Hello, I have questions on exploration and Gumbel-Softmax.
In the pseudocode, it mentioned initialize random process N for action exploration, which is same in the paper of DDPG. But I have difficulty to understand the exploration in your implementation. Is it Ornstein-Uhlenbeck process used for this algorithm, same as DDPG? Could you explain how you handled action exploration?
Another question, did you use softmax instead of Gumbel-Softmax?
I have tried to implement MADDPG on scenario of simple-speaker-listener, but not with Ornstein-Uhlenbeck process for action exploration, and only softmax for actor network. The other parts are the same as on paper, but my speaker is converged to telling same wrong target landmark, and listener is wondering around or in between the 3 landmarks. I guess the listener ignoreed speaker as described on paper.
And I’ve tried yours on simple-speaker-listener, it converges correctly for some trainings.
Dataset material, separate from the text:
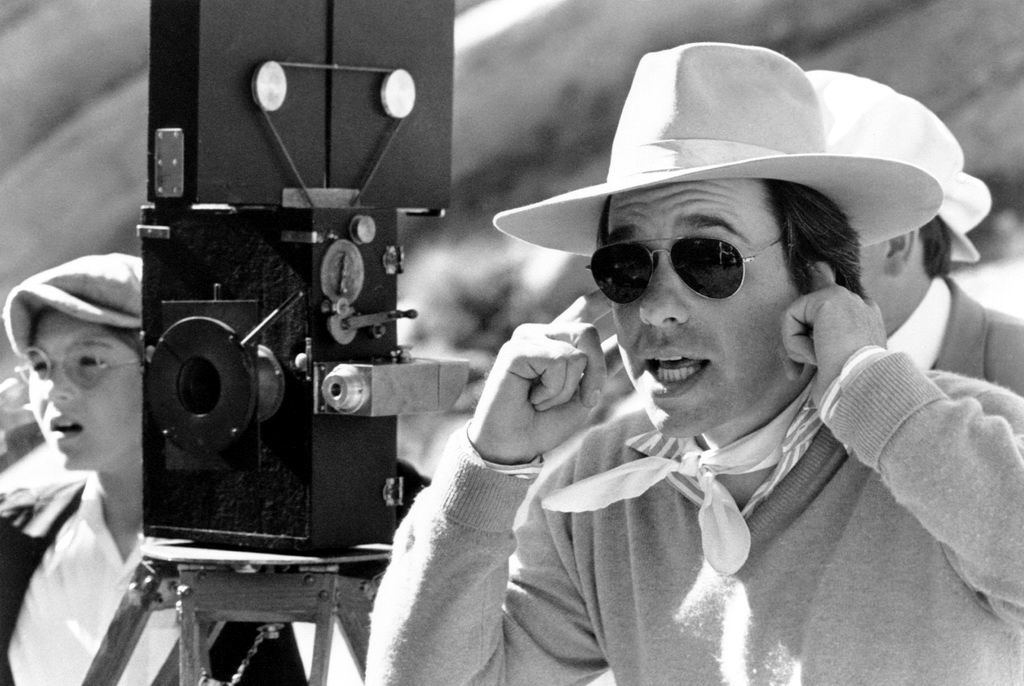 NICKELODEON-director-Peter-Bogdanovich-and-left-Tatum-ONeal-bracing-for-on-set-explosion-1976_CourtesyEverettCollectionViaTheQuadCinema.jpg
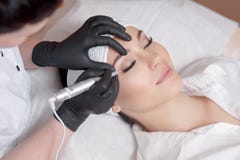 cosmetologistmakeup som gör permanent royaltyfri bild cosmetologistmakeup som gör permanent royaltyfri bild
Are the action exploration and activation functions the reasons for wrong convergence, do they have big impact on training process?
I think in this implementation they use softmax as the output activation function when sampling action.
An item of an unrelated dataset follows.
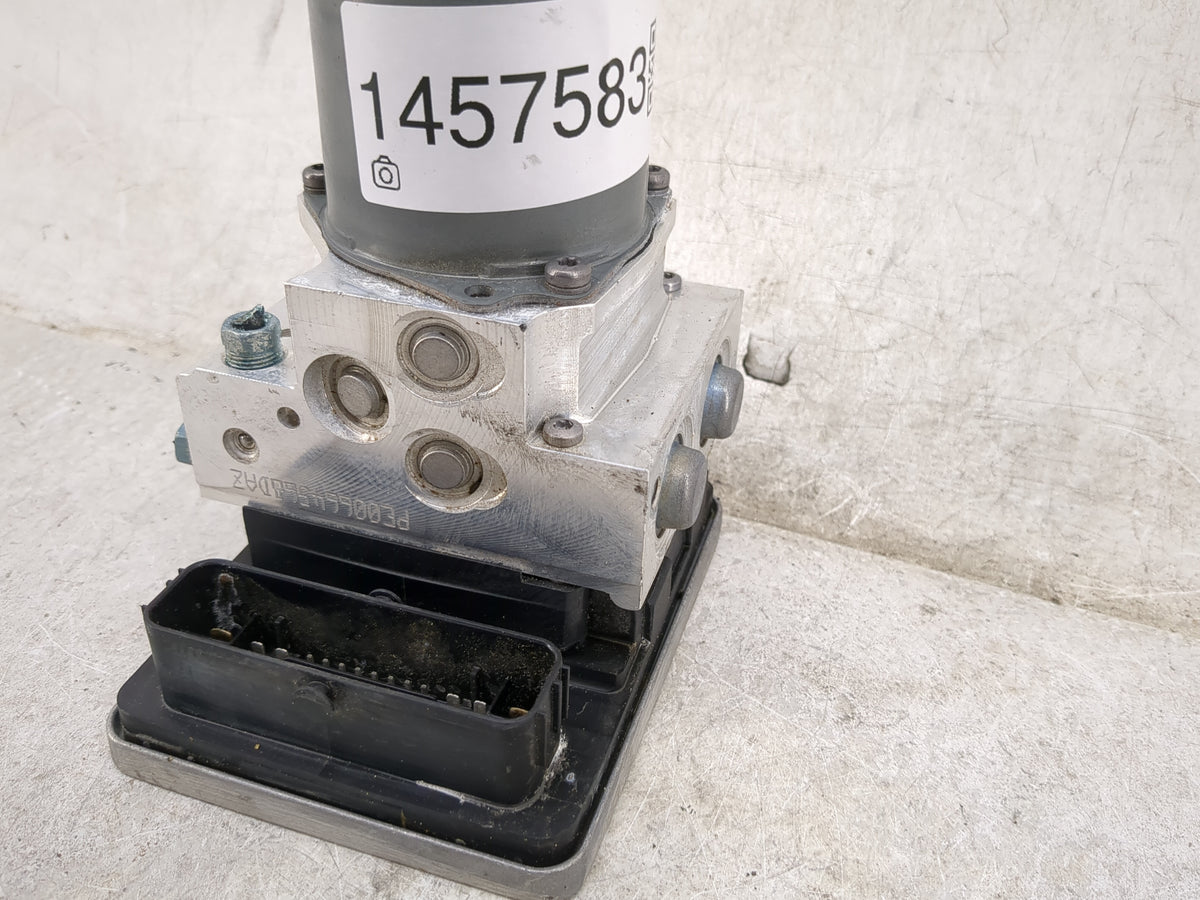 2018-2021 Bmw X3 Anti-Lock Brake ABS Pump Module Actuator OEM P/N:876246 01 Fits Fits 2016 2017 2018 2019 2020 2021 OEM Used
And see the code below, you can find that they have attempted to use Argmax activation by return CategoricalPdType(ac_space.n) when sampling. But eventually they use softmax activation when training the Q net.
I’ve looked into involved functions again, I guess they use SoftCategoricalPdType(ac_space.n), then SoftCategoricalPdType.sample() to somehow add noise to actions, finally to softmax(logits – noise) as output of actor network.
And the noise added to action is from:
u = tf.random_uniform(tf.shape(self.logits))
return U.softmax(self.logits – tf.log(-tf.log(u)), axis=-1)
I don’t quite get it why they handle the noise in this way.
The sample function in distribution is implementation of Gumbel-softmax, I added it to my code, now it helps to speed up stabilize the training, but my speaker still can not tell the different landmarks.